Skaldic Games
Steam’s downloadable games store launched its “Greenlight” initiative in 2012 as a way to open its sales doors to smaller game developers. However, since the store launched with a plethora of inauthentic and joking entries, the folks at Valve added a $100 fee to “cut the noise.”
Whether or not that fee was supported by an active filtering or monitoring service, Greenlight still failed to stop a game that clearly violated its terms of service. Kill the fagota light gun-style game about shooting gays, created by a California developer, skateboarder, and Christian shoe promoter named Randall Herman, launched for public consumption Monday morning before being pulled from the Greenlight service hours later.
Before it was removed from Greenlight, game critic Jim Sterling downloaded and tested the game, which launched through Herman’s gameshop name Skaldic Games. The resulting YouTube video revealed a crude game where players aim a bull’s-eye to shoot and kill people who say things like, “Can I put my weiner up your ass?” and “Oops, I just dropped the soap.” (After playing a minute of the game, Sterling exclaimed, “Where’s the goddamn satire? What’s the satirical? Not really anything. It’s just ‘the thing.'”)
The game makes it very clear that its goal is to shoot and kill gay people (using liberally the pejorative F-word in the title of the game). Players get points for killing gays—more points if the person killed is transgender – and they lose points for any straight people they kill. It’s hard to pass judgment on the “most” offensive thing in this game, but we were particularly disturbed when we heard the game’s announcer celebrate a kill by saying, “AIDS carrier eliminated.”
Before the game was removed, the Greenlight page featured many comments from concerned customers, including calls for Steam to put in place a stricter filtering or monitoring system so the service wouldn’t have to rely on community votes. that the mere hurdle of a $100 Greenlight fee apparently wasn’t enough to deter people who would break the agency’s rules. This incident followed a December back and forth between Valve and an “adults-only” shooting game dubbed Hatewhich was eventually restored on Steam Greenlight.
After KTF was removed from Greenlight, a statement was posted on the Skaldic Games site with a link to a free version of the game and an explanation of its creation. The title was originally created as a mini-game within a larger open-world adventure that Herman is still working on, he wrote, claiming that the game’s lack of quality was due to the fact that it was “completed in just a few days” was made.
“These people who think that if you are homophobic in any way, you are ‘resentful’ and ‘bigorous’, and will go out of their way to destroy you in every possible cruel way,” wrote Herman. “So I decided to take a path in strike that most developers are afraid to tread: piss these people off by making the most overly offensive game possible to get these idiots to prove a point.”
“The teachings of Jesus Christ through quality footwear”
Herman claimed to have received emails in response to the game wishing me bodily harm, though he did not quote any of those emails to clarify what those threats were. He called the game development industry “overly sensitive and easily offended” and claimed to have been part of it “since 2007”. While his personal website mentions having “worked” on games like Disney Infinity And Call of Duty Black Ops, a Google cache of his LinkedIn profile clarified that he was a QA tester for those titles rather than a developer. (That LinkedIn profile no longer exists.)

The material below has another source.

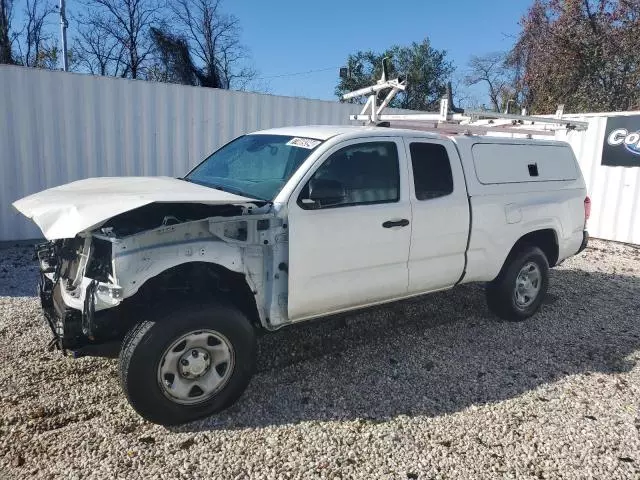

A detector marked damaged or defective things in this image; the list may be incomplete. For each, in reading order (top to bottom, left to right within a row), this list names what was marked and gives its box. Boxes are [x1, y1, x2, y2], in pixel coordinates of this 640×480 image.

crumpled hood [12, 175, 258, 239]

In addition to the game, app, music and skateboard projects listed on Herman’s personal site, Ars Technica found another project with his full name and likeness: Devotor Footwear. Herman, who rode a skateboard while wearing Devotor shoes in the site’s primary YouTube video, launched a Kickstarter campaign in 2014 on behalf of a skateboard shoe company “with one goal in mind: to promote the words and teachings of Jesus Christ through of quality footwear.” That campaign was canceled before getting close to the $20,000 fundraising goal. (Herman created a separate Kickstarter account for his video game projects, but a Whoisology search confirmed that a Randall Herman with a Skaldic Games email address registered the site for Devotor Footwear.)
In an email response to Ars Technica, Herman confirmed that he has the KTF game entirely by itself and that Valve delisted and banned the game within “about two hours” of the game going live. When asked about his role in creating Devotor, Herman claimed that he only “built and hosted” the Devotor site “for a friend”. When pressed about Herman posting on at least one forum saying that he “started” the shoe site himself, rather than listing other names on that forum or on the project’s original Kickstarter, Herman insisted insists that he was “promoting it for a friend.” He declined to comment on questions about the ideological conflict between those two decidedly different projects.
Our questions to Valve Software about the game’s greenlight removal – and its apparent lack of pre-publishing filtering or monitoring for objectionable content – had not been answered at the time of writing.